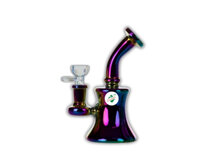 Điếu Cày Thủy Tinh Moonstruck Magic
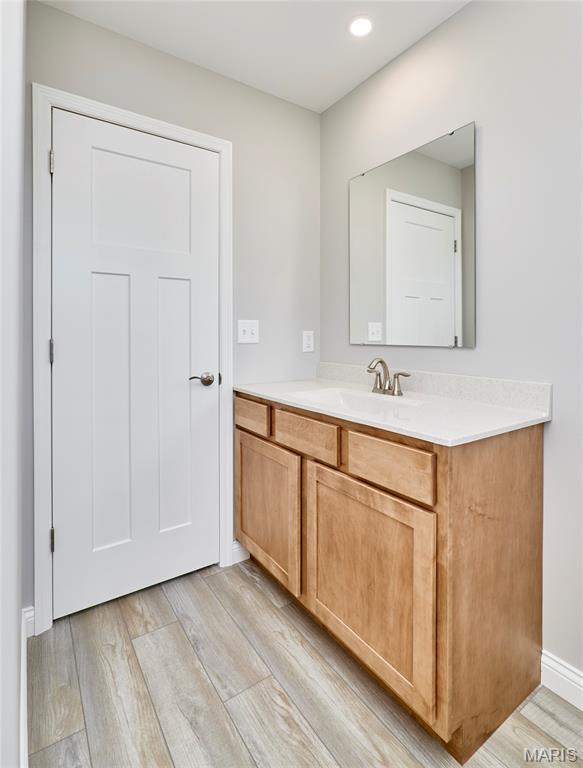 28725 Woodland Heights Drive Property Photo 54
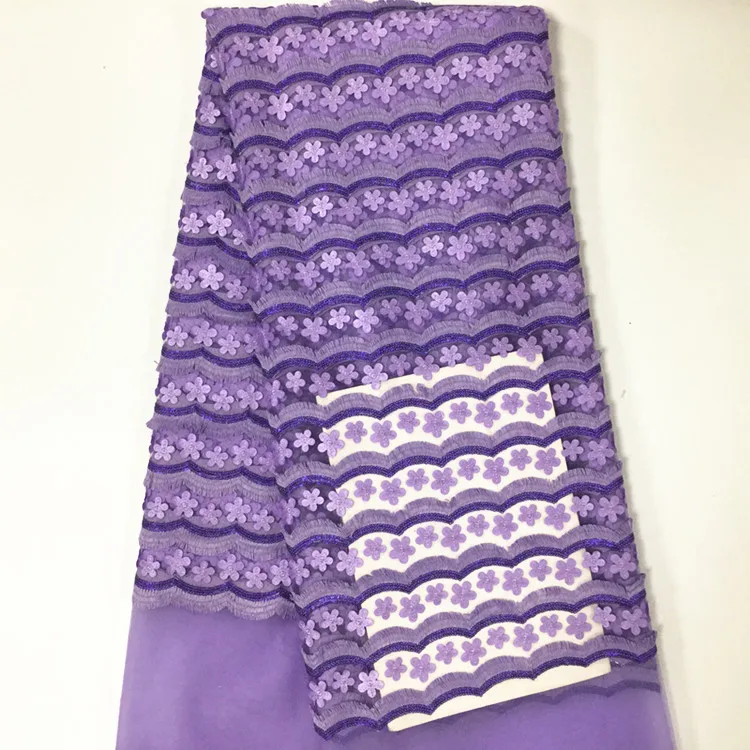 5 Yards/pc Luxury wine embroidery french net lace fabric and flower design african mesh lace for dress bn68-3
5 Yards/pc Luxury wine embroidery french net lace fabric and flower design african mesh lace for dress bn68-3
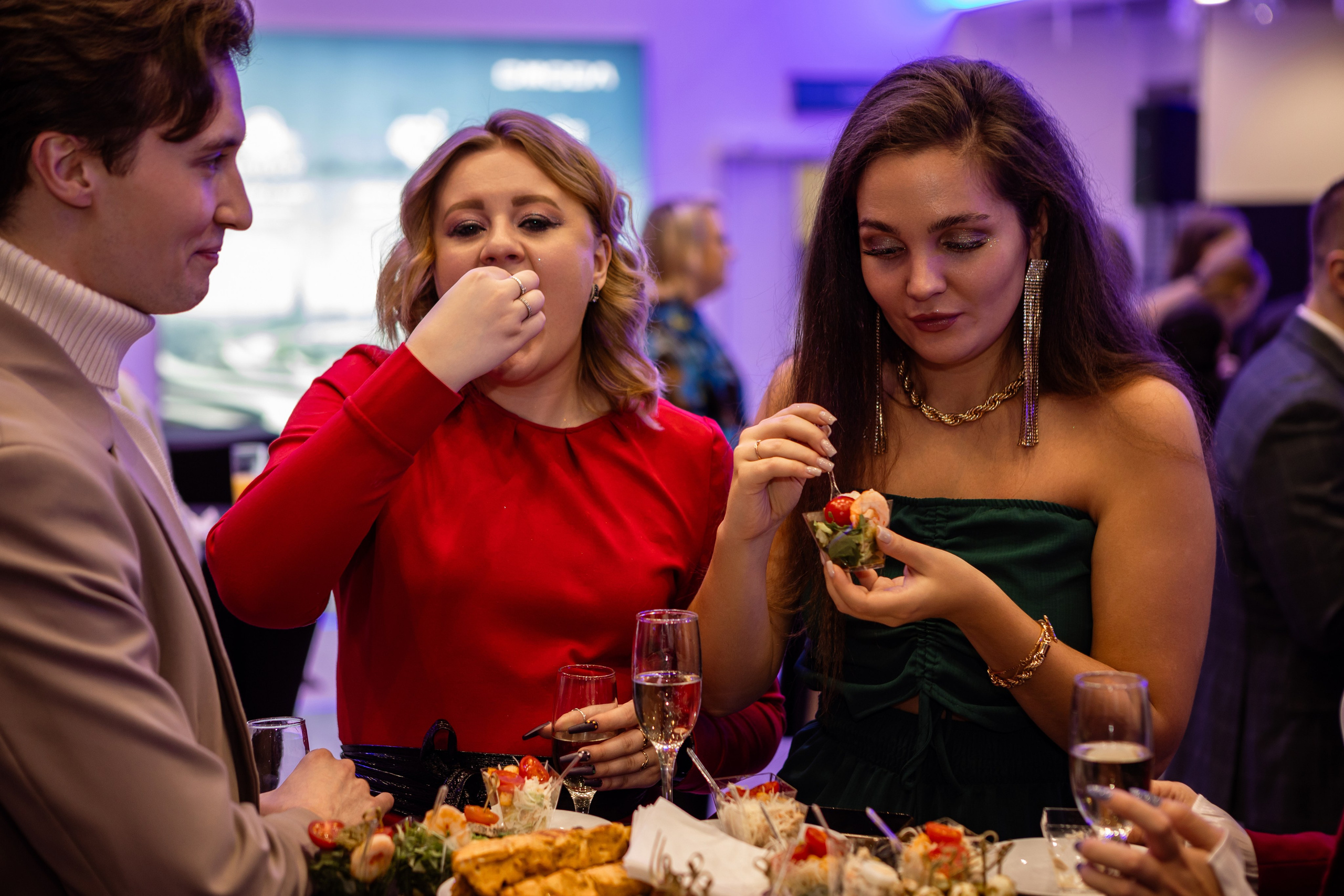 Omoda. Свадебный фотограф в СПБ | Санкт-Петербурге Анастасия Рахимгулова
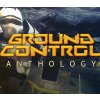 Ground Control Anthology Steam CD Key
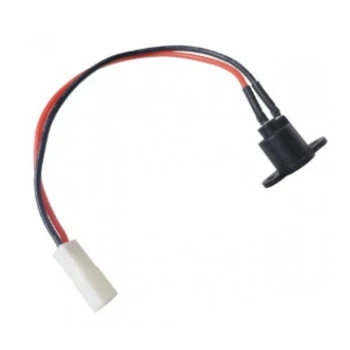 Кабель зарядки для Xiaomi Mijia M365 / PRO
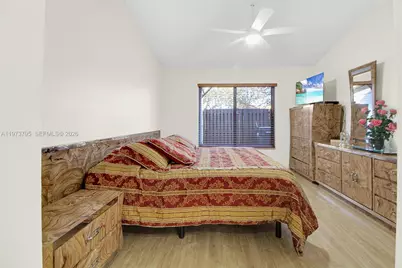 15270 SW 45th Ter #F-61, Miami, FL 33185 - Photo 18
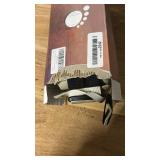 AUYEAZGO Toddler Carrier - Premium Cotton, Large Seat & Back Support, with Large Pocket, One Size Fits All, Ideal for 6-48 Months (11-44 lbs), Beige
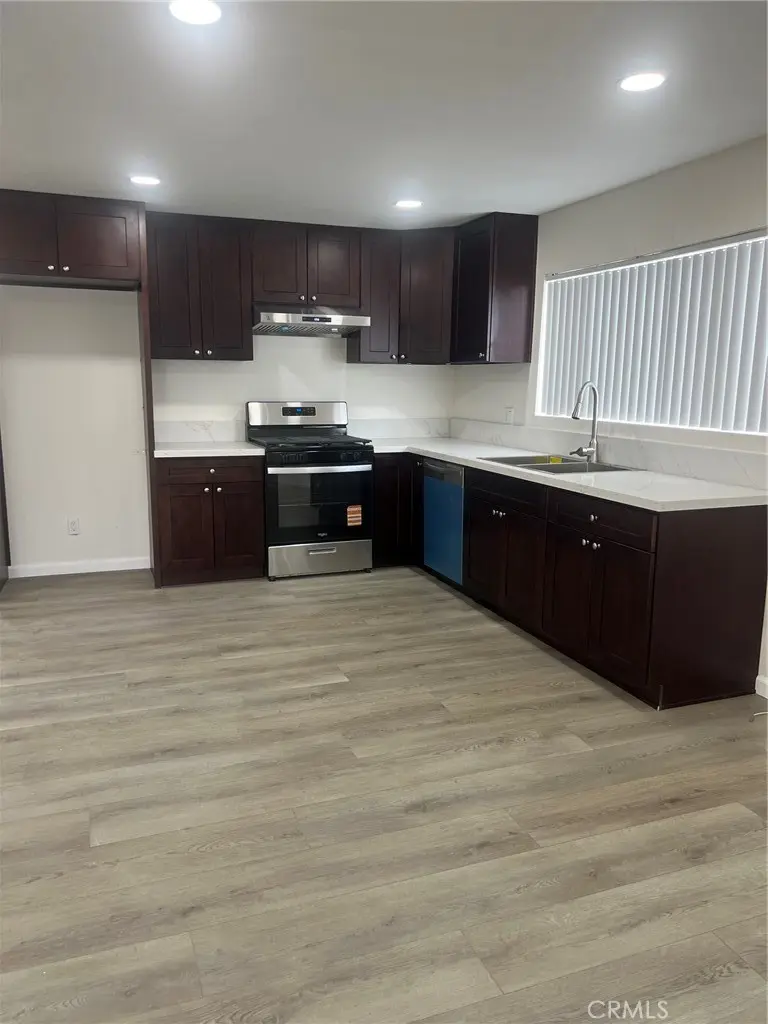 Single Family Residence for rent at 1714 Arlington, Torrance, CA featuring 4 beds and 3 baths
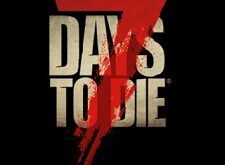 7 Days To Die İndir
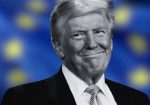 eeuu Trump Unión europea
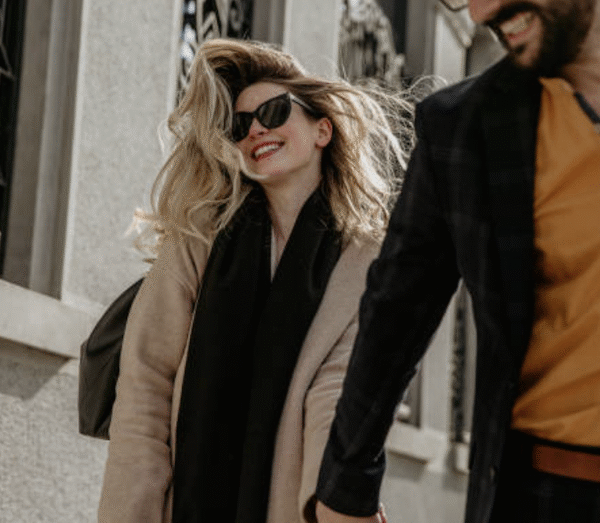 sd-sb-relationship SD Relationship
○ ○ ○ ○ ○
## TO DO
Please repeat the lines that run from the one holding "7 Days To Die İndir" to the last line of the material, both included, exactly and without pictures.

## SOLUTION TO THIS TASK
 7 Days To Die İndir
 eeuu Trump Unión europea
 sd-sb-relationship SD Relationship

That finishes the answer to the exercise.